[Collected data entries]
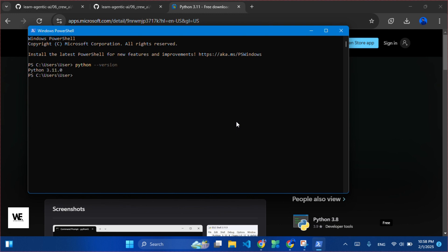Next, we initialize a UV package by this command: uv init --package myproject.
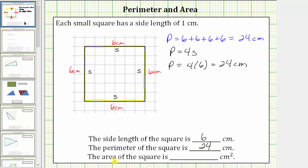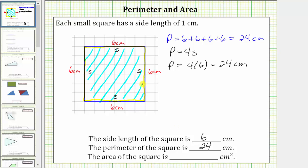Next we're asked to determine the area of the square. The area of any polygon is the number of square units inside the polygon, or in our case, the number of square centimeters that will fit inside the square. Because of the grid paper we can count the number of square centimeters inside the square. Because the dimensions are 6 centimeters by 6 centimeters, there are 36 square centimeters inside the square, which is the area of the square.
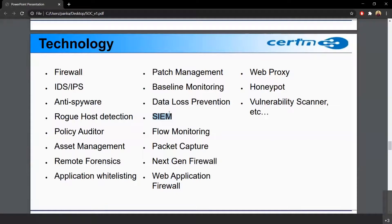Then we have a honeypot. A honeypot is a device that mimics a network device in the organization but is intentionally kept vulnerable, to attract and detect attackers.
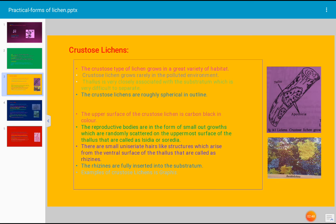The thallus of crustose lichen is very closely associated with the substratum, making it very difficult to separate. Crustose lichen is roughly spherical in outline. The upper surface is carbon black in color, visible to the naked eye. The reproductive bodies are in the form of small outgrowths randomly scattered on the upper surface of the thallus, known as isidia — small dot-like structures visible to the naked eye.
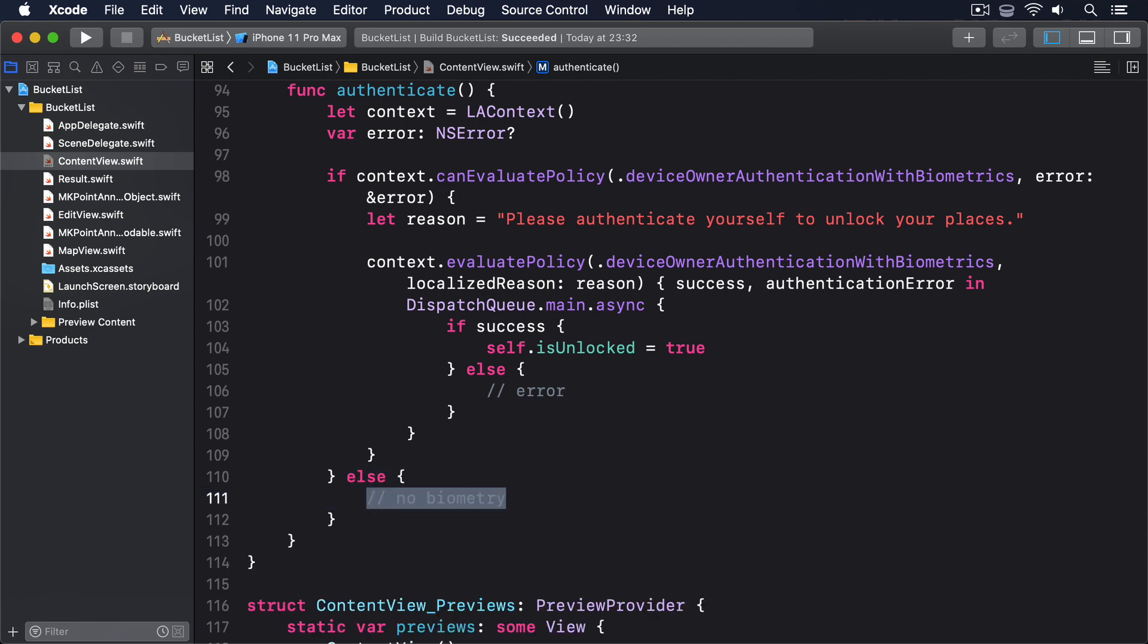Remember the string in our code is used for Touch ID, whereas the string in info.plist is used for Face ID.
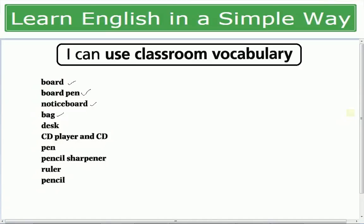Bag آپ کی books کے لیے. Desk یا benches آپ اس کو کہتے ہیں. CD players اور CDs بھی use کی جاتی ہیں سکول میں — functions میں بھی یا classroom میں listening کے کام کے لیے بھی. Pen, pencils, ruler, geometry box, pencil sharpener — تو یہ ساری چیزیں بھی use ہوتی ہیں۔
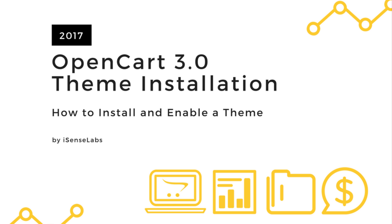Hello and welcome to our new video tutorial. This time around you'll learn how to install a theme in your OpenCart 3 store.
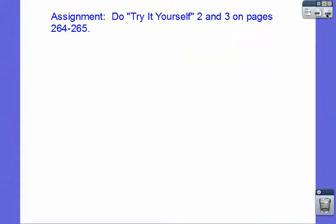If you are in my class, I'm going to have you do Try-It-Yourself 2 and 3 on pages 264 and 265. Take care.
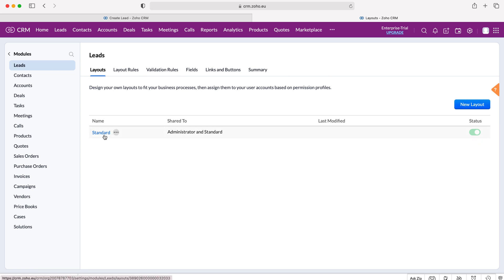We have our standard layout and everyone has access to this particular layout — this is what we see anytime we go into the Leads module and create a new lead record. Creating a new layout is really beneficial if you want to track entirely different things inside of the same module. For example, you might have a lead for one product and a lead for an entirely different product and want to use different layouts to aid tracking — and that is entirely possible.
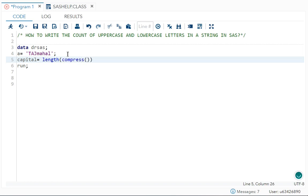is equal to length. I will tell you why I am using length. I will use compress function here. Compress, what is the syntax for it? Compress string, which is A, comma, we write the characters to be replaced. I don't want to replace any characters, so I left it blank. Next, we write the modifier.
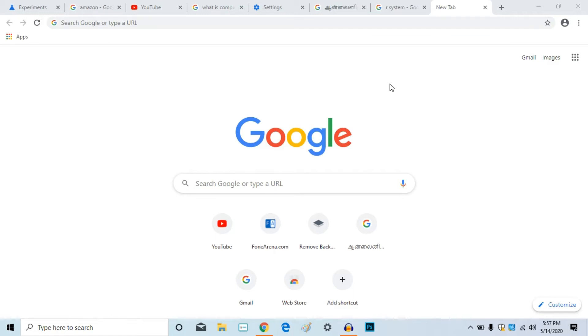Welcome friends, you are from Sanytec Tamil. Today we will watch this video about Google Chrome browser. They will be able to get a super new update.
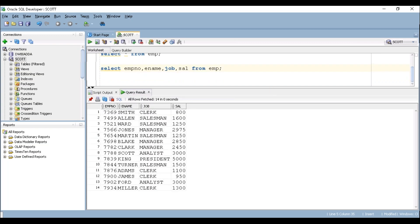See here. Now we can see only those four columns data only. Thank you guys.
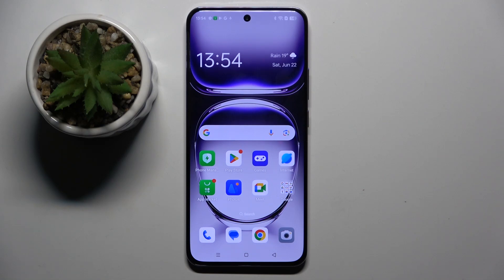Welcome guys to a tutorial info channel. In front of me is the Oppo Reno 12 Pro, and in this video I'm going to show you how to hide photos in a gallery app on this device.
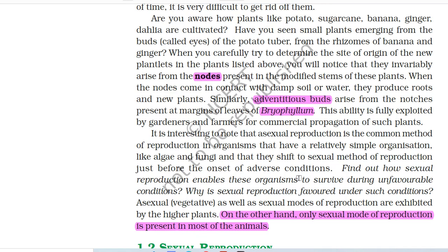Are you aware how plants like potato, sugarcane, banana, ginger, and dahlia are cultivated? Small plants emerge from the buds of the potato tuber and from the rhizomes of banana and ginger. New plants invariably arise from the nodes present in the modified stems of these plants. When the nodes come in contact with damp soil or water, they produce roots and new plants. Similarly, adventitious buds arise from the notches present at margins of leaves of Bryophyllum. This ability is fully exploited by gardeners and farmers for commercial propagation of such plants.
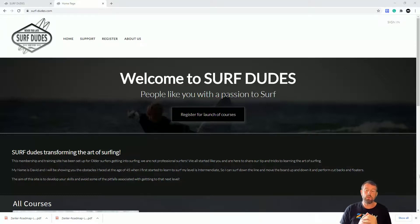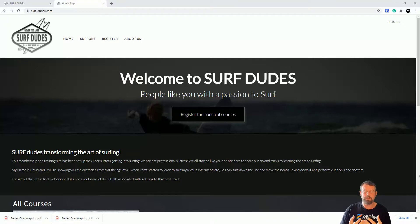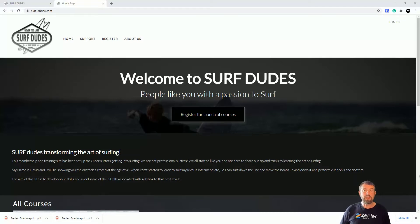I can see this module extending as new features are added to Zendler and as other people communicate with me about different methods they're using. I'll include those as different scenarios. So let's get on and look at how we can create our site and turn it into a membership site.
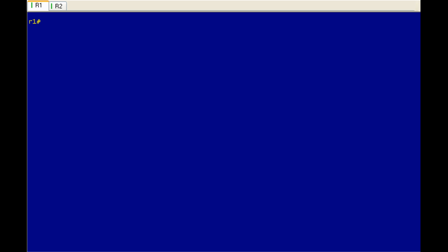copy startup configuration to running configuration is actually a merge operation, not a replacement operation. And we're going to do a little CLI experimentation here and show you some of the goofiness that can occur when you use that command.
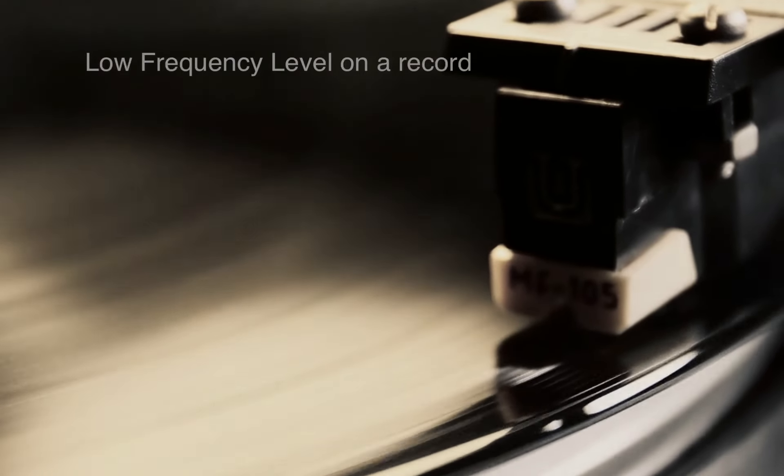Hello, my name is Helmut Erler and today I want to talk about low frequency level on record. Let us look at the groove through a microscope to understand better what is going on. A record groove shows the frozen motion of the cutting stylus. Here you can see a mono sine wave cut laterally, parallel to the surface of the record.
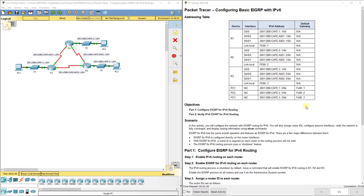Hi everyone. This video walks through completing Packet Tracer 6.4.3.4, configuring basic EIGRP with IP version 6. This Packet Tracer assignment is part of the Cisco CCNA Scaling Networks version 6 curriculum.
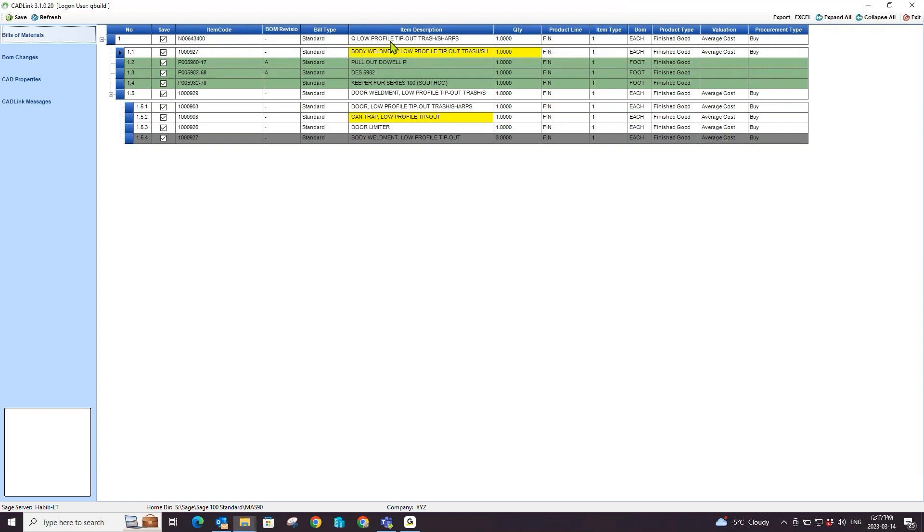Alternatively, I can also click on the field and type in my own description as well.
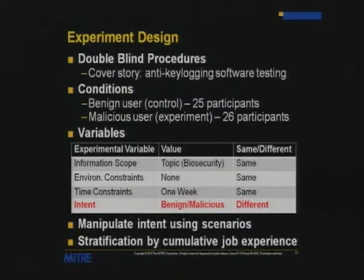Getting participants into their role was really important for the experiment to be effective. We spent a lot of time getting it right. In terms of participant selection, we tried to stratify by cumulative job experience at MITRE — ranging from the youngest person at age 20 to the oldest at 72 who had been at MITRE for 40 years — to go for a more generalizable result.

■ **Problem requirements**
Drop the pictures and reproduce the rest of the data exactly.

■ **Solution to this problem**
Next, we initialize a UV package by this command: uv init --package myproject.
Next we're asked to determine the area of the square. The area of any polygon is the number of square units inside the polygon, or in our case, the number of square centimeters that will fit inside the square. Because of the grid paper we can count the number of square centimeters inside the square. Because the dimensions are 6 centimeters by 6 centimeters, there are 36 square centimeters inside the square, which is the area of the square.
Then we have a honeypot. A honeypot is a device that mimics a network device in the organization but is intentionally kept vulnerable, to attract and detect attackers.
The thallus of crustose lichen is very closely associated with the substratum, making it very difficult to separate. Crustose lichen is roughly spherical in outline. The upper surface is carbon black in color, visible to the naked eye. The reproductive bodies are in the form of small outgrowths randomly scattered on the upper surface of the thallus, known as isidia — small dot-like structures visible to the naked eye.
Remember the string in our code is used for Touch ID, whereas the string in info.plist is used for Face ID.
Bag آپ کی books کے لیے. Desk یا benches آپ اس کو کہتے ہیں. CD players اور CDs بھی use کی جاتی ہیں سکول میں — functions میں بھی یا classroom میں listening کے کام کے لیے بھی. Pen, pencils, ruler, geometry box, pencil sharpener — تو یہ ساری چیزیں بھی use ہوتی ہیں۔
Hello and welcome to our new video tutorial. This time around you'll learn how to install a theme in your OpenCart 3 store.
If you are in my class, I'm going to have you do Try-It-Yourself 2 and 3 on pages 264 and 265. Take care.
We have our standard layout and everyone has access to this particular layout — this is what we see anytime we go into the Leads module and create a new lead record. Creating a new layout is really beneficial if you want to track entirely different things inside of the same module. For example, you might have a lead for one product and a lead for an entirely different product and want to use different layouts to aid tracking — and that is entirely possible.
is equal to length. I will tell you why I am using length. I will use compress function here. Compress, what is the syntax for it? Compress string, which is A, comma, we write the characters to be replaced. I don't want to replace any characters, so I left it blank. Next, we write the modifier.
Welcome friends, you are from Sanytec Tamil. Today we will watch this video about Google Chrome browser. They will be able to get a super new update.
See here. Now we can see only those four columns data only. Thank you guys.
Welcome guys to a tutorial info channel. In front of me is the Oppo Reno 12 Pro, and in this video I'm going to show you how to hide photos in a gallery app on this device.
Are you aware how plants like potato, sugarcane, banana, ginger, and dahlia are cultivated? Small plants emerge from the buds of the potato tuber and from the rhizomes of banana and ginger. New plants invariably arise from the nodes present in the modified stems of these plants. When the nodes come in contact with damp soil or water, they produce roots and new plants. Similarly, adventitious buds arise from the notches present at margins of leaves of Bryophyllum. This ability is fully exploited by gardeners and farmers for commercial propagation of such plants.
I can see this module extending as new features are added to Zendler and as other people communicate with me about different methods they're using. I'll include those as different scenarios. So let's get on and look at how we can create our site and turn it into a membership site.
copy startup configuration to running configuration is actually a merge operation, not a replacement operation. And we're going to do a little CLI experimentation here and show you some of the goofiness that can occur when you use that command.
Hello, my name is Helmut Erler and today I want to talk about low frequency level on record. Let us look at the groove through a microscope to understand better what is going on. A record groove shows the frozen motion of the cutting stylus. Here you can see a mono sine wave cut laterally, parallel to the surface of the record.
Hi everyone. This video walks through completing Packet Tracer 6.4.3.4, configuring basic EIGRP with IP version 6. This Packet Tracer assignment is part of the Cisco CCNA Scaling Networks version 6 curriculum.
Alternatively, I can also click on the field and type in my own description as well.
Getting participants into their role was really important for the experiment to be effective. We spent a lot of time getting it right. In terms of participant selection, we tried to stratify by cumulative job experience at MITRE — ranging from the youngest person at age 20 to the oldest at 72 who had been at MITRE for 40 years — to go for a more generalizable result.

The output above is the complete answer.